NEW ORLEANS -- Sean Payton probably didn’t need a Week 11 win against the 3-7 Atlanta Falcons to cement his legacy as one of the NFL’s all-time great offensive coaches.
It wasn’t just about this one game -- which the Saints wound up winning fairly easily, 24-9, thanks as much to their defense as their dual-threat quarterback. It was more about Payton’s unwavering faith in Hill over the course of four years now.
When he first told Fox’s Joe Buck and Troy Aikman in a 2017 production meeting that he believed the undrafted rookie could be Drew Brees’ heir.
When he compared Hill to Steve Young two years later.
When the Saints signed Hill to a two-year, $21 million contract this past offseason as a restricted free agent.
At every turn, Payton was heavily scrutinized for showing so much confidence in a quarterback who is now 30 years old and had only attempted 20 career passes, including the playoffs, before Sunday.

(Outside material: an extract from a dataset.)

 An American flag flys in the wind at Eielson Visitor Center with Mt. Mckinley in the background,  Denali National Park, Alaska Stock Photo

But Payton has repeatedly made it clear -- both publicly and privately – that he was dead serious.
And even if you remain in the camp that believes Hill is not a safe bet for long-term success, you can no longer argue with the concept that Payton is capable of winning with the unique athlete behind center.
No, Hill’s 233 passing yards and 51 rushing yards didn’t prove he is about to follow Young from BYU to the Pro Football Hall of Fame. It doesn't mean he's a lock to replace Brees as the Saints' future full-time starter. It doesn’t even guarantee that he’ll keep winning while Brees is sidelined for at least two more games.

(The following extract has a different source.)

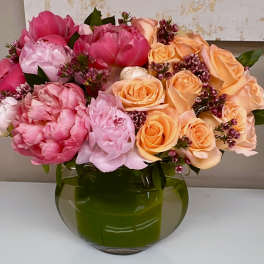 Pink and peach roses with peonies in a green glass vase
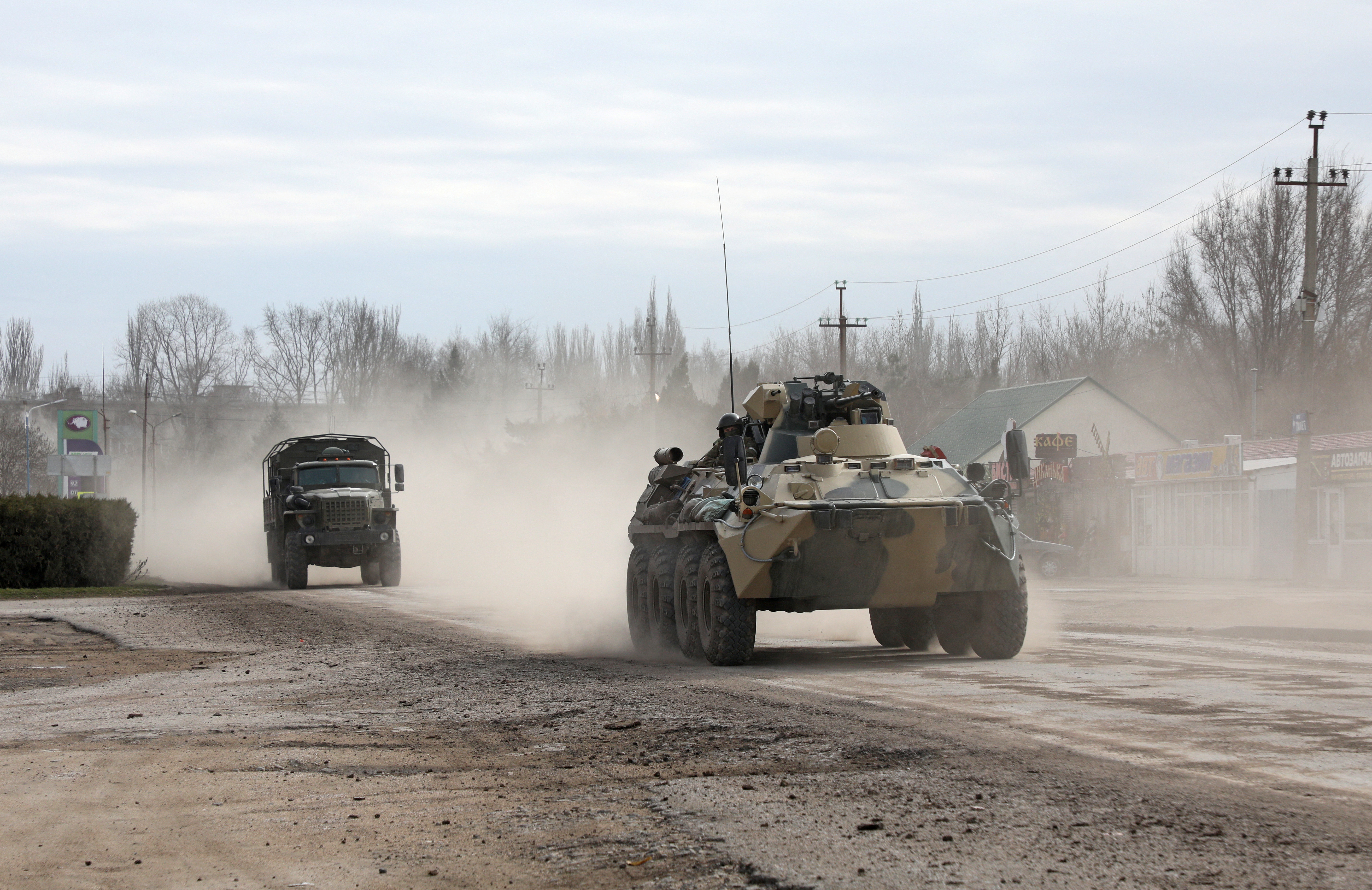 Russian Army military vehicles drive along a street in Armyansk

But the fact that Hill completed 18 of 23 passes and ran for two touchdowns while leading the Saints to their seventh consecutive win should remind everyone that Payton is pretty good at his job. As a game planner. As a playcaller. And as someone who can evaluate the talent he would like to work with.
Payton has now won six straight games without Brees at quarterback, dating back to Teddy Bridgewater’s 5-0 stint as a replacement starter last year -- not to mention Payton’s 141 wins with Brees at QB, including the playoffs and Super Bowl XLIV.
If he sees traits in a quarterback that he believes he can design an offense around, we should probably give him some benefit of the doubt.
“We’ve had a chance to see him play that position a lot more than anyone else. When the fans have seen him, he’s been in a different role,” Payton told ESPN’s Dianna Russini before Sunday’s game -- a reference to how Hill has been used as a read-option QB/RB/WR/TE/FB/special-teamer over the years.
Payton also made an important point to Russini that Hill “deserves this opportunity” after how willing he has been to play so many different roles for the Saints on offense and special teams over the years.
Payton didn’t take many victory laps after Sunday’s game. In fact, he actually instructed the media to stop asking questions about Hill at one point and ask about the defense instead, since that unit was so instrumental in the win with eight sacks and an interception.
But Payton couldn’t resist at least one clap back on social media, when he retweeted a pregame taunt by former Falcons receiver Roddy White that suggested the Saints were “about to get whip” for going with Hill at quarterback.
Sure, Payton’s hubris probably played some role in his decision to start Hill on Sunday and maybe shut a few people up in the process (which was one of the most popular criticisms heading into Sunday’s game).
But you don’t become one of the NFL’s all-time greats if you don’t have a healthy dose of self-confidence.